Hey, young folks! How’s life? Me, I’ve been stuck in my house for the last two months, doing nothing really—jadi kalo ada yang ngajak bukber there’s 80% chance I’ll approve your “proposal”—until I came up with the idea to do a giveaway!

Yaaay!

Tunggu dulu! Giveaway apa, Kak Echa?

Giveaway buku-bukuku! Ada lima judul yang bakal kubagikan ke beberapa (I haven’t decided the precise number) teman yang beruntung! Gimana caranya? Coba buka akun Facebook teman-teman, lalu cari kolom Search, dan ketik: Esa Khairina. Klik opsi “Add as friend” kalau teman-teman belum berkawan dengan saya, lalu buka profile Esa Khairina. Sudah? Nah, kalau sudah, seharusnya post giveaway ada di bagian teratas profile page.

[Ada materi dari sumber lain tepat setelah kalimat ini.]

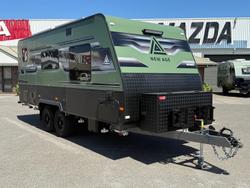 New AGE Caravans 18' Manta RAY Expedition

Tapi, layaknya semua giveaway, pasti ada struggle yang harus teman-teman hadapi demi mendapat apa yang di-giveaway-kan (did I just invent the word wow Echa wow). Peraturan dan caranya bisa kalian simak sendiri di post tersebut :3

Terus, gunanya post di blog ini apa, dong?

Gunanya adalaaaah… memberi kalian sinopsis dari buku-buku yang bisa kalian pilih! Ada lima judul, dan berikut rinciannya:


Bluish 3:
Entah apa yang merasuki pikiran Mum. Beliau berambisi mengubah Blue yang tomboi jadi cewek girly. Wah, apa kata dunia? Ledekan mengalir dari teman-temannya. Blue dibilang kerasukan arwah feminin, lah, labu Halloween, lah, boneka voodoo, lah, bahkan drakula! Ih, serem amat! Dan yang bikin kesal, Mr. Fernando tidak menghargai kejutan dari Blue. Masa kejutannya dibilang sampah? Blue juga pusig memikirkan cara menyelamatka Ginny dan Geneva. Konser Bluish jadi terganggu, sehingga menimbulkan perpecahan di antara para personel Bluish. Adakah cara menyatukan mereka kembali?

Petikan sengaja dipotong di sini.